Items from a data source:
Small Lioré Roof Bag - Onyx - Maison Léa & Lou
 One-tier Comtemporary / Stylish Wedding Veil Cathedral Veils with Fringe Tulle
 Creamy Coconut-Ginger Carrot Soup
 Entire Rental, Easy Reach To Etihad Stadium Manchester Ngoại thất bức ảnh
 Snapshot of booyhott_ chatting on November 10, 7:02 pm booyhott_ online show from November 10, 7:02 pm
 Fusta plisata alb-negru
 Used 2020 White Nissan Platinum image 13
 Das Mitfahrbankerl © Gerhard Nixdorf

To do =>
Starting at the line that contains "Snapshot of booyhott_", restate word for word every line through the last one in the records above. Return nothing else.

Result for this exercise =>
 Snapshot of booyhott_ chatting on November 10, 7:02 pm booyhott_ online show from November 10, 7:02 pm
 Fusta plisata alb-negru
 Used 2020 White Nissan Platinum image 13
 Das Mitfahrbankerl © Gerhard Nixdorf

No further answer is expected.